Pictures are not repeated. Every line from the beginning of the entries through the one with "But if they" is restated exactly.

Saved entries
----------

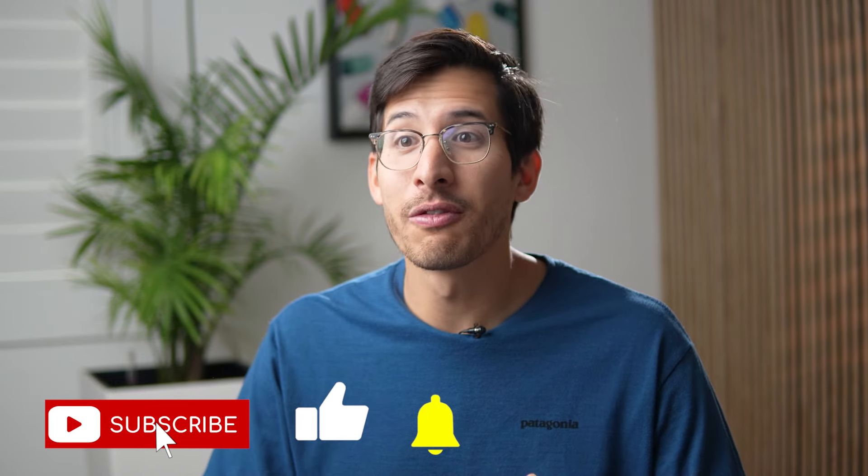If you found this helpful, don't forget to share and subscribe for more. If you're looking for someone to help you with your tapering, we work in several US states listed on my website in the link below this video. Thank you so much for watching, and take care.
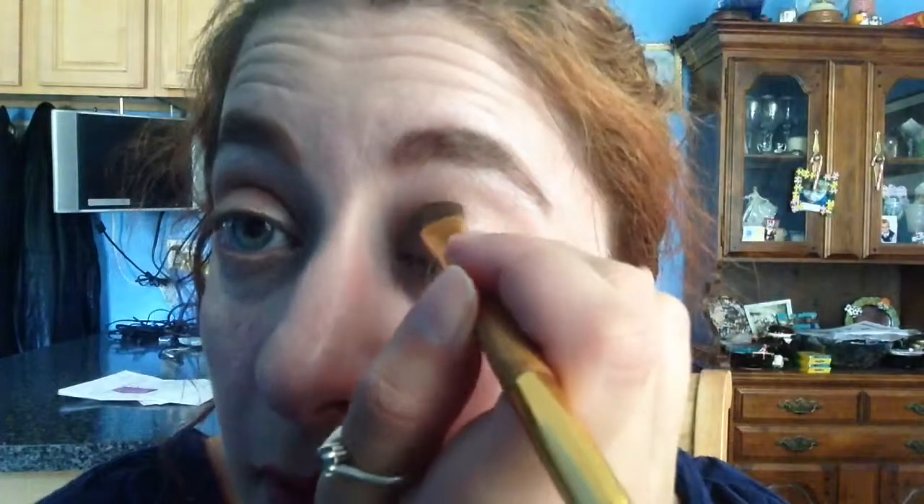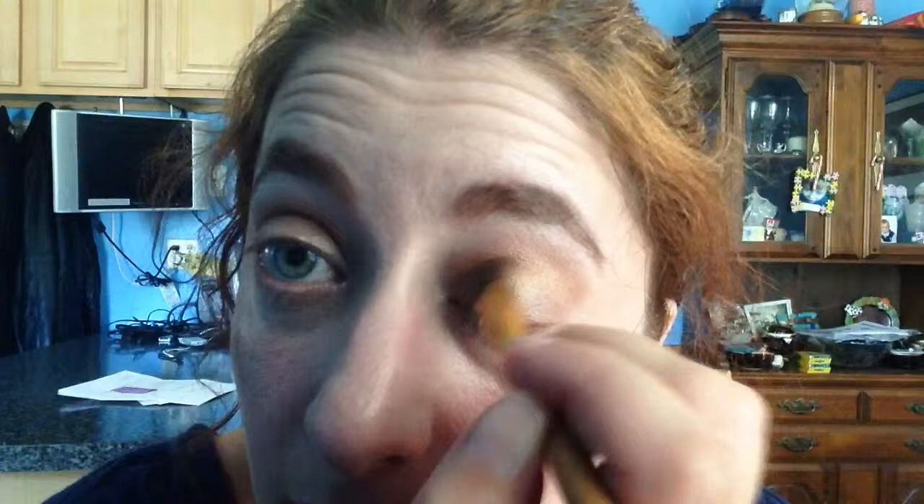We're going to take our darker brown and work it — go up and over. If you ever have trouble finding your eye crease, just feel along your eyeball and you can find it that way. And if you feel like your eyelids are a little bit smaller, just draw your crease a little bit higher and blend it down.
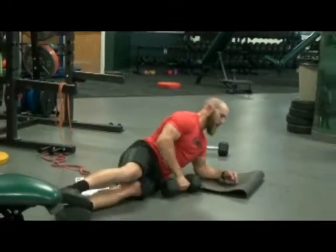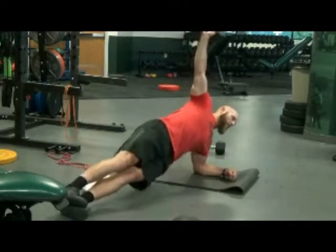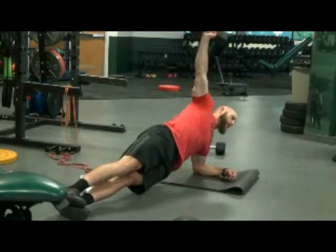But if they have a good side plank, then they can do it with the dumbbell hold. So I'm here, press up, start with my hips down, raise my hips up. I can even look up at the dumbbell if I need to. Straight line through.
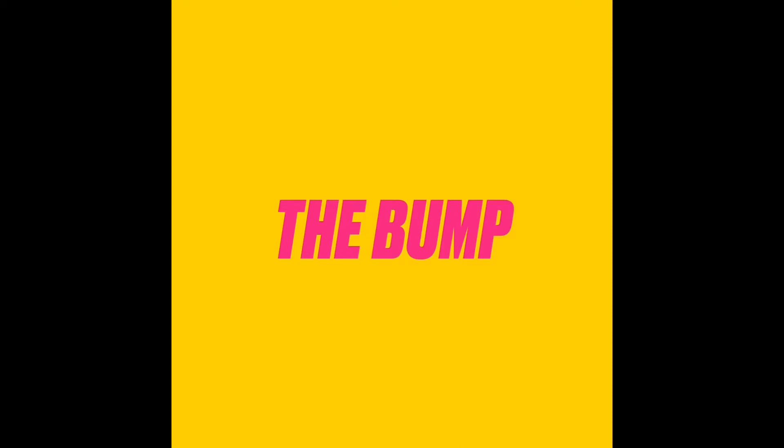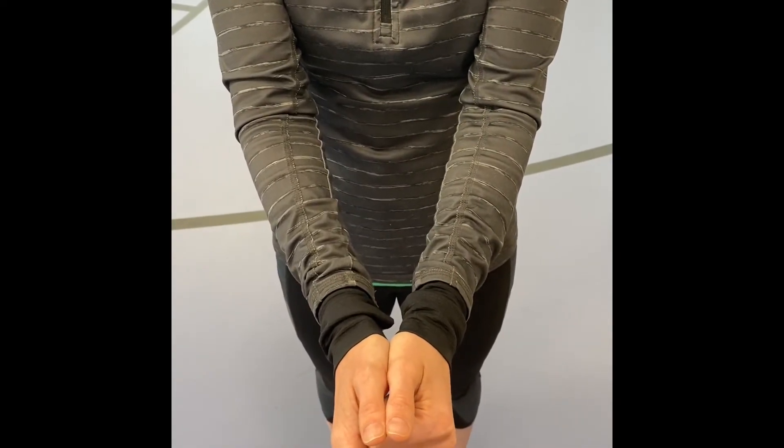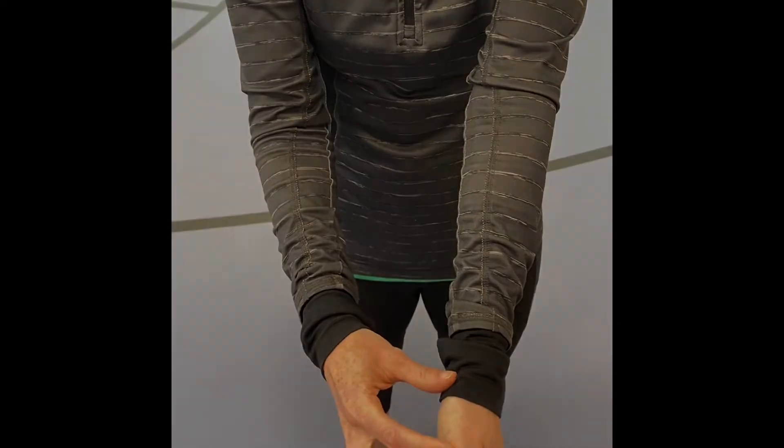This is used to hit a ball that is below head height and usually is the first time you make contact with the ball, or the receiving of the serve. Position your hands so that your thumbs are next to each other. Cup one hand around the other and extend your arms. Aim to hit the ball at the base of your thumbs.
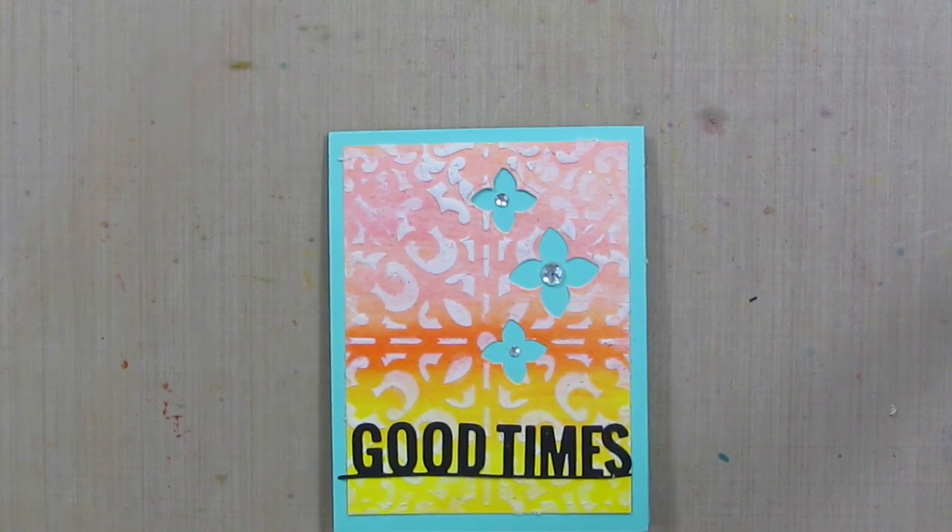If you do try it, be sure to leave a comment below on how it turned out. I'll see you next time. Bye! Thanks for watching.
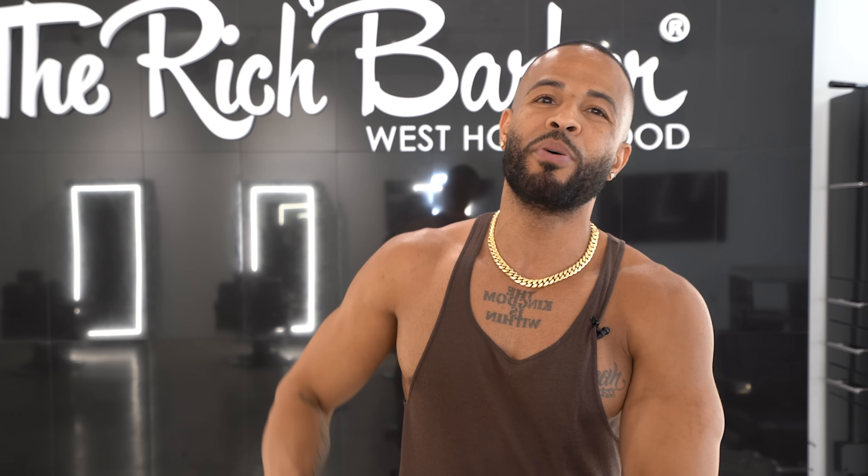YouTube, what's up — Chuka the Barber here. I want to thank all y'all that's been rocking with me since day one. Currently at 197,000 subscribers, trying to push that thing all the way up to 200K. Like, comment and subscribe if you haven't already. I got videos dropping every Tuesday, Thursday and Saturday from now on — come tap in, rock with me. I'm gonna take it to a whole nother level. Peace.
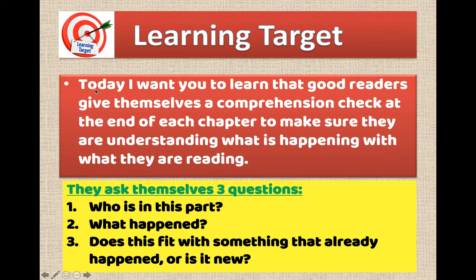Our learning target today is: I want you to learn that good readers give themselves a comprehension check at the end of each chapter to make sure they are understanding what is happening with what they are reading.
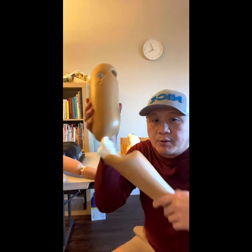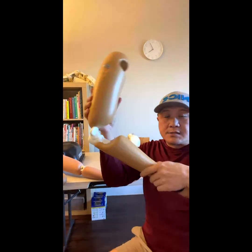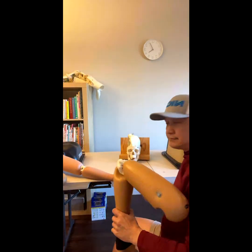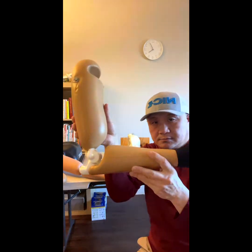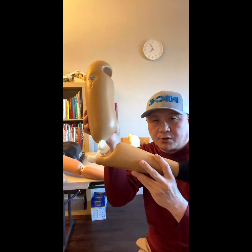This is the elbow model. This is the elbow dislocation model.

----------

OUTPUT FOR THIS TASK:
If you found this helpful, don't forget to share and subscribe for more. If you're looking for someone to help you with your tapering, we work in several US states listed on my website in the link below this video. Thank you so much for watching, and take care.
We're going to take our darker brown and work it — go up and over. If you ever have trouble finding your eye crease, just feel along your eyeball and you can find it that way. And if you feel like your eyelids are a little bit smaller, just draw your crease a little bit higher and blend it down.
But if they have a good side plank, then they can do it with the dumbbell hold. So I'm here, press up, start with my hips down, raise my hips up. I can even look up at the dumbbell if I need to. Straight line through.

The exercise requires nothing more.